- [EXERCISE DETAILS]: Below are the records. Retype exactly the lines between the lines holding "Displex 9H lasi" and "Produktbild: Tajine Kochbuch XXL", inclusive.

- [DATA SHOWN]:

□ □ □ □ □

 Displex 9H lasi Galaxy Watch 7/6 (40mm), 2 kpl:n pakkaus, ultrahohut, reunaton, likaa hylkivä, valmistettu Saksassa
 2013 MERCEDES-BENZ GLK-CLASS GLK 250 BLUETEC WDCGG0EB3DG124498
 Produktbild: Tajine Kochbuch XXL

□ □ □ □ □

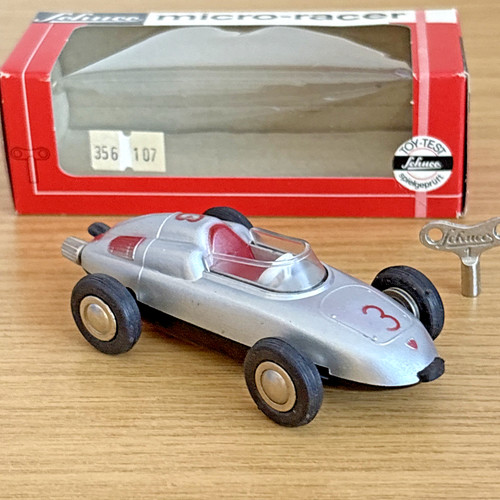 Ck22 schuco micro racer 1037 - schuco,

□ □ □ □ □

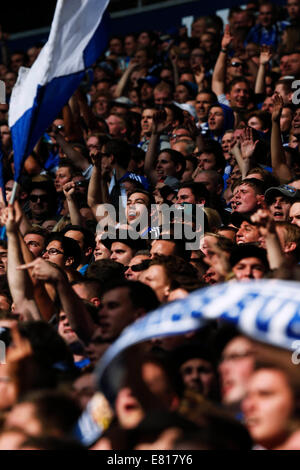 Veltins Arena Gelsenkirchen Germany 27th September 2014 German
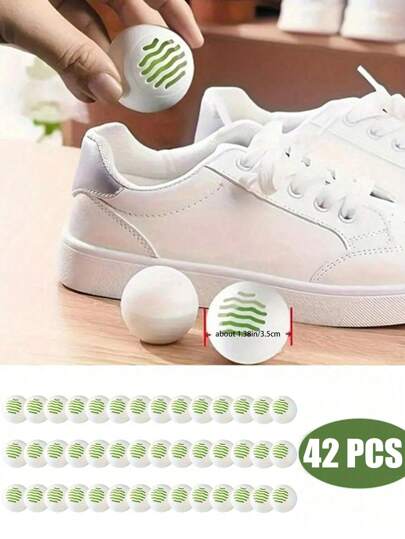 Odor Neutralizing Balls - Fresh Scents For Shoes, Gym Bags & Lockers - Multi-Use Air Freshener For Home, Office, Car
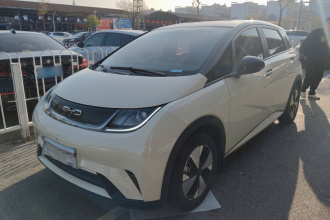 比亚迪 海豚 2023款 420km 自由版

□ □ □ □ □

- [EXERCISE SOLUTION]:
 Displex 9H lasi Galaxy Watch 7/6 (40mm), 2 kpl:n pakkaus, ultrahohut, reunaton, likaa hylkivä, valmistettu Saksassa
 2013 MERCEDES-BENZ GLK-CLASS GLK 250 BLUETEC WDCGG0EB3DG124498
 Produktbild: Tajine Kochbuch XXL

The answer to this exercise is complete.